In the run-up to the election campaign, the authorities have intensified their ongoing crackdown on critics, with mass arrests of political opponents. Security officers arrested over a hundred members or supporters of the Ennahda, the country’s largest opposition party, most between September 12 and 13, a lawyer on their defense committee told Human Rights Watch.

About 17 were released on September 25, but at least 96 are still being held under Tunisia’s 2015 counter-terrorism law, which allows detention without charge for 15 days and without access to a lawyer for 48 hours.
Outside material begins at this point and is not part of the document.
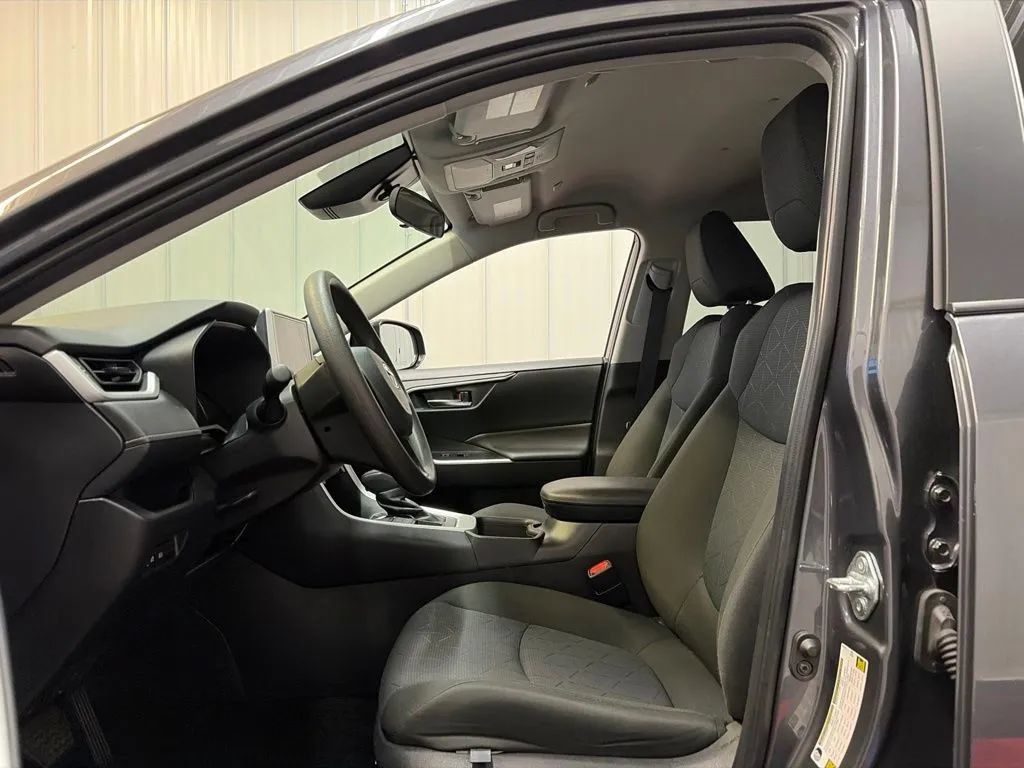 Used 2025 Toyota RAV4 XLE AWD/4WD image 11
They are also being investigated under the Decree-Law 54 on cybercrime, and for “insulting the president,” the lawyer said.
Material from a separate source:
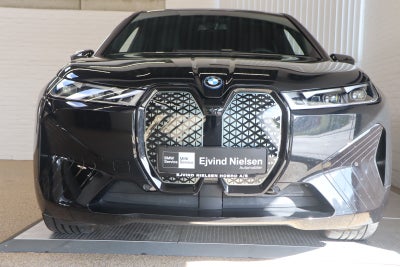 BMW iX xDrive40 Fully Charged Sport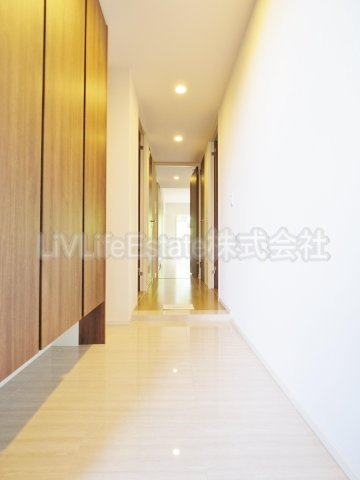 東村山市萩山町３丁目の賃貸マンションの玄関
The authorities shut down the Ennahda party headquarters in April 2023 and have detained several of its leaders since December 2022, including the party president, Rached Ghannouchi, and two of its vice-presidents, Ali Laarayedh and Noureddine Bhiri.

The authorities have also prosecuted or jailed at least nine actual or prospective presidential candidates since the start of the electoral period on July 14 and detained at least seven members of their campaigns.

Ayachi Zammel, one of the three approved presidential candidates, was arrested on September 2. A Tunis judge ordered his provisional release on September 5, but he was rearrested that same day, and has since been convicted of crimes and sentenced to several prison terms. On September 18, Zammel was sentenced by a Jendouba court to 20 months in prison and on September 25 to an additional six months. On September 30, a Tunis court sentenced Zammel to a total of 12 years imprisonment and a ban on voting, all on charges of falsifying endorsements’ signatures.

Zammel faces further prosecution for about 30 counts of “knowingly establishing an attestation or certificate stating materially inaccurate facts,” under Article 199 of the penal code, “making donations in cash or in kind to influence voters” under Article 161 of the electoral law, or other charges under the 2004 law on the protection of personal data, two of his lawyers told Human Rights Watch. A member of his campaign team arrested on September 27 was also sentenced to 12 years in prison. 

The authorities have intensified a crackdown on civil society organizations ahead of the election. The electoral commission, which Saied restructured in 2022 to place under his control, arbitrarily denied accreditation to two of Tunisia's leading election observation groups, I Watch and Mourakiboun. The commission said in a September 9 statement that the denial was due to “suspicious foreign funding … from countries with which Tunisia does not have diplomatic relations” and that it had referred the cases to the authorities for investigation.

Mourakiboun and I Watch were founded following the 2011 uprisings and have observed elections since 2011. Each group has filed a complaint before the administrative court.

Simultaneously, the electoral commission has increasingly targeted the media, whose work has been severely curtailed in Tunisia. Since July, the electoral commission referred at least one print or electronic media outlet and 18 social media pages for prosecution, said Najla Abrougui, a commission member. It has also reportedly issued at least eight warnings to private radio stations, on suspicions of “undermining or mocking” the commission or the electoral process, “challenging the body’s credibility, independence or transparency,” “imbalanced coverage,” or “lack of neutrality.” On August 20, the electoral body withdrew its accreditation giving access to polling stations from a Tumedia journalist on similar grounds.

The electoral commission has also played a growing role in politically motivated prosecutions against opponents and critics. Since 2022, the commission has filed dozens of complaints against individuals and social media accounts, some which have led to convictions, such as for the president of the Free Destourian Party, Abir Moussi, and two former electoral commission members. 

Tunisia is a state party to the International Covenant on Civil and Political Rights (ICCPR) and is required to ensure that every citizen, without discrimination on the basis of political opinion, has the opportunity to take part and vote in genuinely free elections. The United Nations Human Rights Committee, which interprets the covenant, has found that “freedom of expression, assembly and association are essential conditions for the effective exercise of the right to vote and must be fully protected.”

“Tunisian authorities should release all those arbitrary detained and allow civil society organizations and the media to operate freely, including during the electoral process,” Khawaja said. “This blatant crackdown ahead of the election is only undermining its legitimacy.”